● **WHAT THIS TASK INVOLVES**:
Below is a listing. Set down exactly the lines from the one containing "Wipeout Exterminating LLC" through the one containing "Enlarge Gomez, a", both ends included, and leave out the rest.

RECORDS SUPPLIED Start Marker

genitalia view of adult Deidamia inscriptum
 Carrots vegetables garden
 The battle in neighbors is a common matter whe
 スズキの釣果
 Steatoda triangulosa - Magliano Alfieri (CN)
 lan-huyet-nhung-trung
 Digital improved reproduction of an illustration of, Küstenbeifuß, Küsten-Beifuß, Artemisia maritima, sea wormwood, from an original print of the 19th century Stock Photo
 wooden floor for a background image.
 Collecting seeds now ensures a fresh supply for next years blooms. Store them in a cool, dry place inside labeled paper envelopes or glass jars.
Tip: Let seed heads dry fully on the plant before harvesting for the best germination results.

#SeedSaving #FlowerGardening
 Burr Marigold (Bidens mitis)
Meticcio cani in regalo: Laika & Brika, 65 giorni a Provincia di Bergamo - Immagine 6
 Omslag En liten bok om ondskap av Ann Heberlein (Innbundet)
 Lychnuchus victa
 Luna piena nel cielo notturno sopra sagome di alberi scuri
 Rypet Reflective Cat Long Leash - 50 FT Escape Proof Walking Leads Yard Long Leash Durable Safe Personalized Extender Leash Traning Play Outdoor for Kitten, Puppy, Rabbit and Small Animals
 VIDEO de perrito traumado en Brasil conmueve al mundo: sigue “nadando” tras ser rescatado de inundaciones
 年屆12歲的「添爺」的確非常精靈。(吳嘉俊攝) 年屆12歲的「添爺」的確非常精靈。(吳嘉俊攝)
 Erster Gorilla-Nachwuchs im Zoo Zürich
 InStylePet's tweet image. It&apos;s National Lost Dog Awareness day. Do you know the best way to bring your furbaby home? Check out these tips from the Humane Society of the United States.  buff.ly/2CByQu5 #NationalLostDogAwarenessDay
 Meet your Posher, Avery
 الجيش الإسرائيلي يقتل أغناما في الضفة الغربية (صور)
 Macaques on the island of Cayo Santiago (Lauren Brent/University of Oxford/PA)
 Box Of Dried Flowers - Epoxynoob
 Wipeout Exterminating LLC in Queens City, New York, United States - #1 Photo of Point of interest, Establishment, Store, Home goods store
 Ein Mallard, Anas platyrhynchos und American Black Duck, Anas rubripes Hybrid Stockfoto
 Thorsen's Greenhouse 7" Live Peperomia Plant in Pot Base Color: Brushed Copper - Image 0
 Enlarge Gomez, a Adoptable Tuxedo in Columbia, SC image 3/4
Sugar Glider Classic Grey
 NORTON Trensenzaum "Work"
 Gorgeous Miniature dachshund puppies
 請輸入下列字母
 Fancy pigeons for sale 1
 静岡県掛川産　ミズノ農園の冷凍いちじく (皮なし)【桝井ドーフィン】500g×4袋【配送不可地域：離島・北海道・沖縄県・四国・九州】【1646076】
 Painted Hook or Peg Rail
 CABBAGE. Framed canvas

RECORDS SUPPLIED End Marker

● **OUTPUT**:
 Wipeout Exterminating LLC in Queens City, New York, United States - #1 Photo of Point of interest, Establishment, Store, Home goods store
 Ein Mallard, Anas platyrhynchos und American Black Duck, Anas rubripes Hybrid Stockfoto
 Thorsen's Greenhouse 7" Live Peperomia Plant in Pot Base Color: Brushed Copper - Image 0
 Enlarge Gomez, a Adoptable Tuxedo in Columbia, SC image 3/4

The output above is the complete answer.